The beans were then washed and placed in Mason jars with some water and the two-piece metal lids were tightly sealed and then placed in the big metal pot of the pressure cooker.

As a kid I was certain we all were going to die right there in the kitchen “canning,” beans with that big pressure cooker sitting on the burners on the stove top.

The bottom part of the pressure cooker was a large and very heavy metal pot. That’s where the jars of snapped beans were placed. The big pot was almost large enough to cover two burners on the stove top.

Water was added to the pot around the jars of beans. The heat was then turned on. To this point, everything seemed safe.

The pressure cooker lid was also very heavy. It had several black Bakelite knobs on clamps around the edge. The knobs on the clamps would be turned to tighten the top to the pot so no steam could escape.

On the pressure cooker’s top were a round gauge and a small vent. The gauge allowed the pressure inside the pot to be monitored. As the gas burner of the stove heated the water, the pressure increased, and you could see the pointed dial slowly climbing on the gauge.

I had watched some submarine movies and you didn’t worry too much about any of the gauges unless something was going wrong. To me this whole process did not look right!

After the heat was turned up, you knew even without looking at the needle that something was going on because you could hear the sound of the boiling hot water. It was a bit concerning as I already knew from the war movies and books I had read, what happened on Navy ships when the steam lines broke; people died or were horribly injured.

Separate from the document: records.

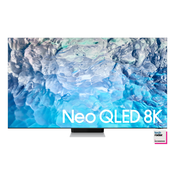 SAMSUNG Smart televizor QE65QN900BTXXH NEO QLED 8K 65 UHD Tizen sivi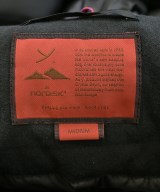 Y(dot) BY NORDISK（ワイドットバイノルディスク）ダウンジャケット/ダウンベスト 黒 サイズ:M レディース/2200651797016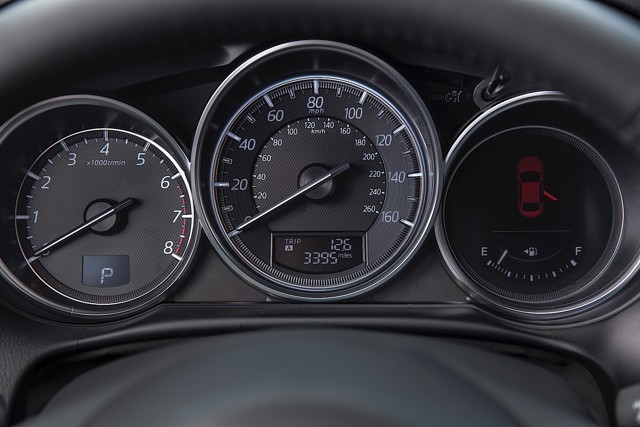 Mazda Cx-5 photo 43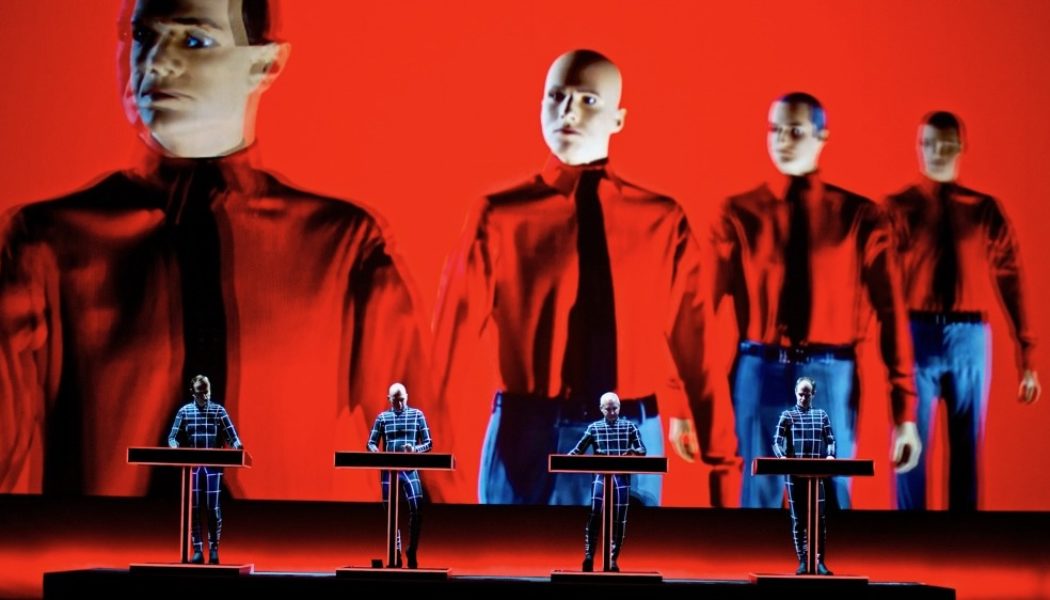 Kraftwerk to perform catalog over nine-night residency in Los Angeles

Eventually steam would escape from the vent on top in an increasingly shrill whistle, growing louder as the pressure increased. All the while the needle on the gauge slowly climbed around the dial.

I just knew that at some point the whole thing was going to blow up. My skin would be scalded with high pressure, boiling hot water, and then begin to peel off.  And, there were the shards of hot metal that would penetrate our bodies, breaking our bones and ripping into our muscles.

We were going to die a horrible death! It was one thing to be hit by scalding hot, high-pressure steam when you are in a battle at sea; it’s another whole deal to be scalded while you are standing, under your Mom’s command, in the kitchen! 

Fortunately, none of that ever happened.

I still have a mental picture of that pressure cooker silently sitting on the counter. With its weight, its black knobs, gauge, and vent, it reminded me of something that silent uniformed men might be using behind curtained windows at the prison in McAlester as they prepared the room in death row for the next execution.

I’m sure most of this was just my overactive imagination at work.  It would have been very inhumane for a death row inmate to die in that fashion.

But when you’re a kid you don’t think about all of that.